● **DIRECTIONS**:
Would you retype the lines from the one that holds "Drapeli Çok Renkli" to the final line of the entries below, both ends included and exactly as written, but without pictures?

PROVIDED RECORDS: Begin

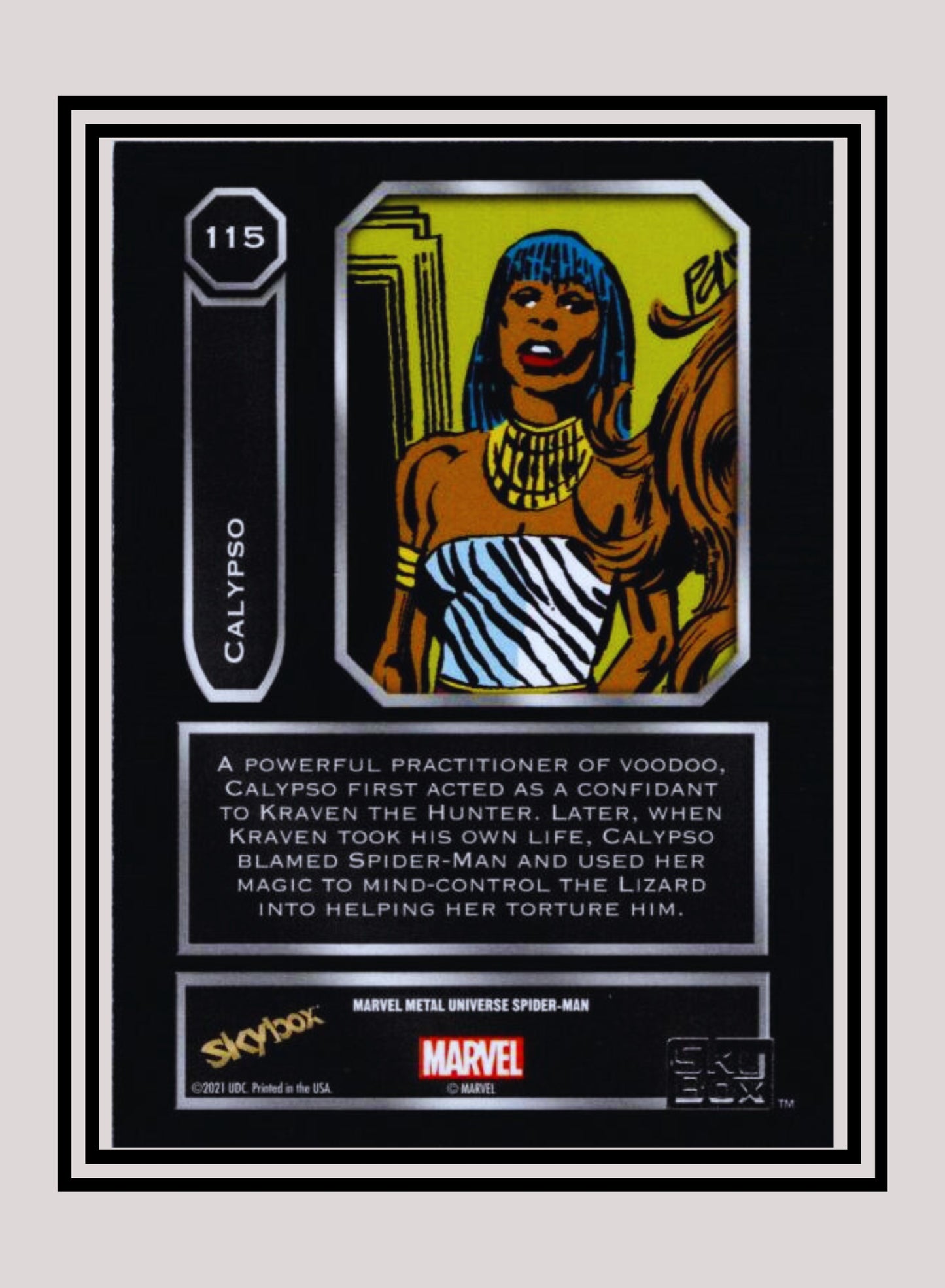 Marvel! 1x Calypso - Base High Series (#115 - 2021 Upper Deck Spiderman Metal Universe)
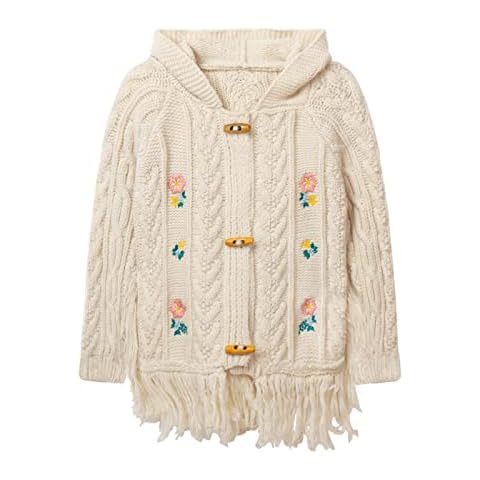 LittleSpring Little Girls Tassel Cardigan Sweater with Hood Sweet Floral Embroidery, Beige Hoodie, 5 Cover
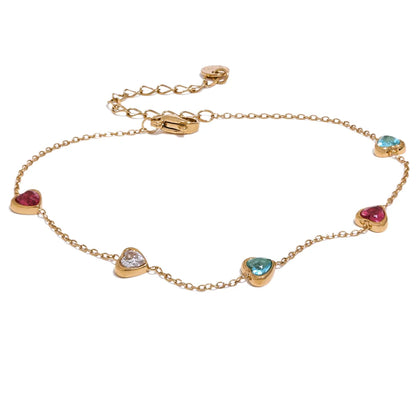 Colorful Heart Zircon Anklet – Gold Plated Stainless Steel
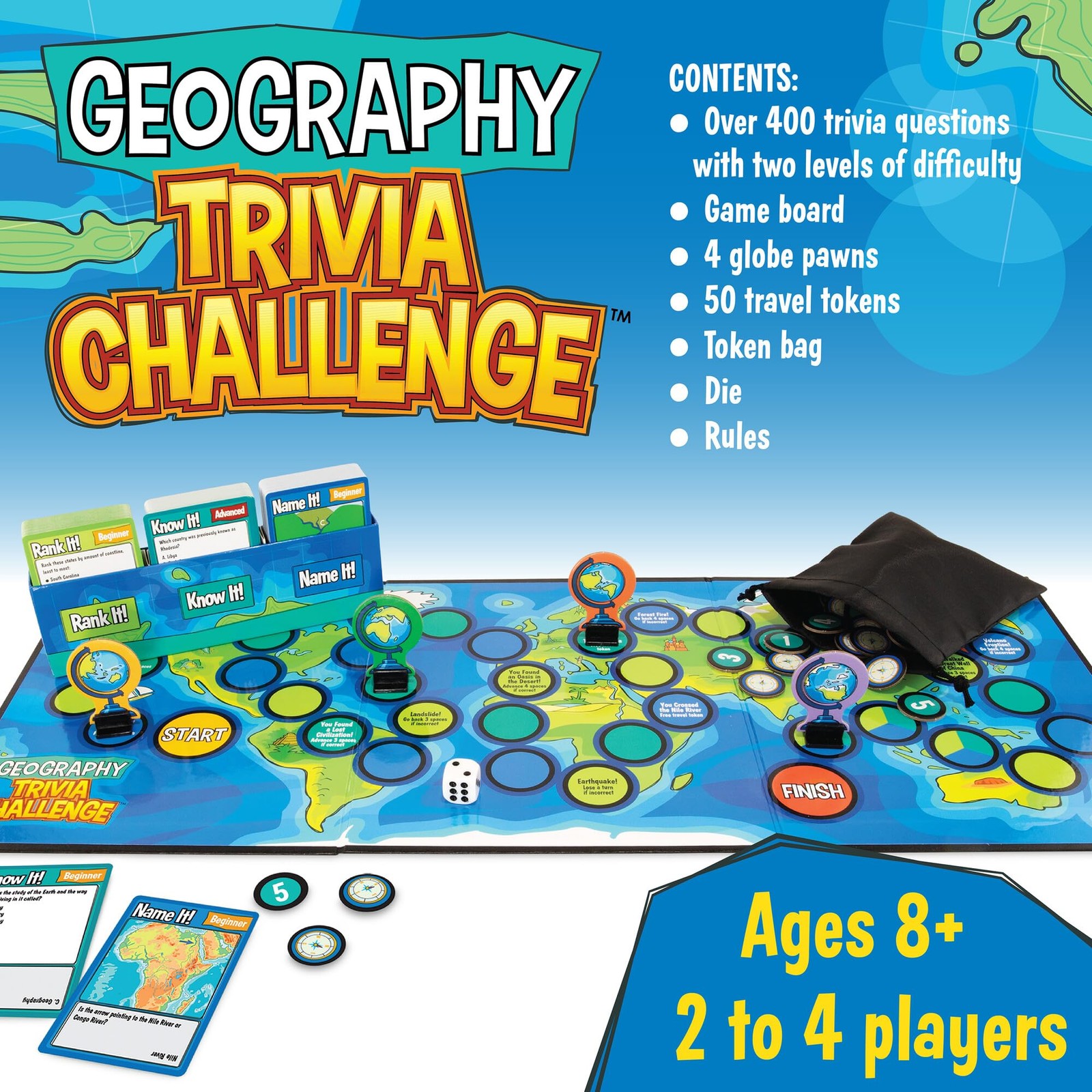 MindWare Geography Trivia Challenge – Board Game for Kids 8-12 and Up – Fun T…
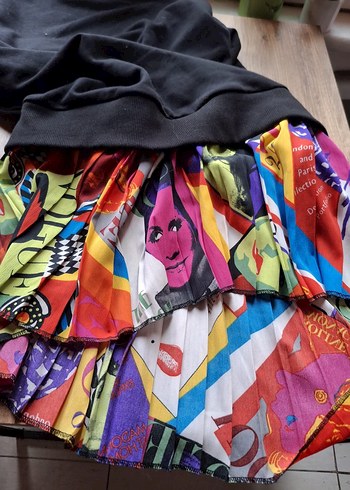 Drapeli Çok Renkli Midi Sweatshirt/Elbise - Görsel 4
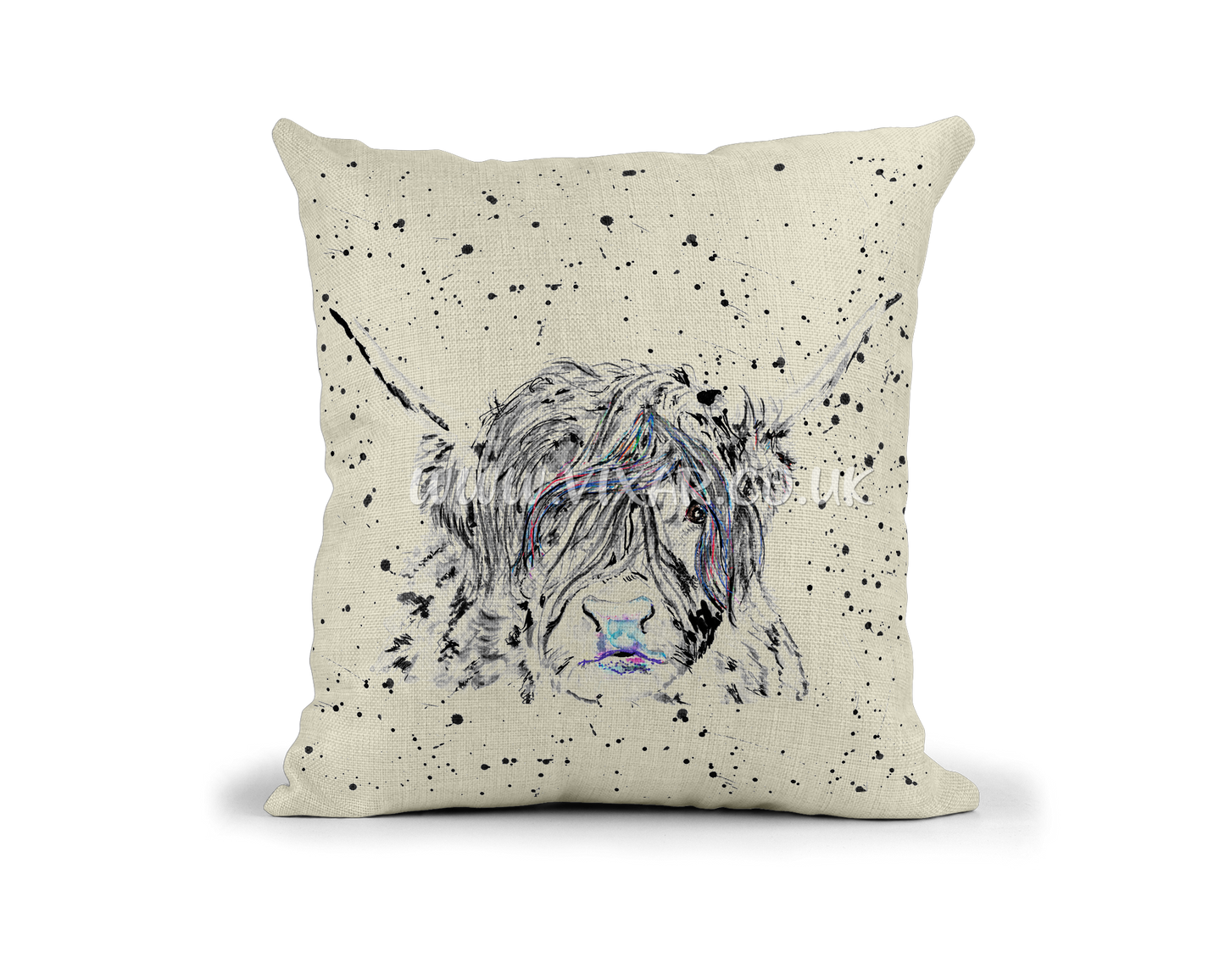 Scottish Highland Cow Black - White Farm animals Watercolour Rainbow Linnen Cushion With filling or cover only, 40x40cm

PROVIDED RECORDS: End

● **WRITTEN ANSWER**:
 Drapeli Çok Renkli Midi Sweatshirt/Elbise - Görsel 4
 Scottish Highland Cow Black - White Farm animals Watercolour Rainbow Linnen Cushion With filling or cover only, 40x40cm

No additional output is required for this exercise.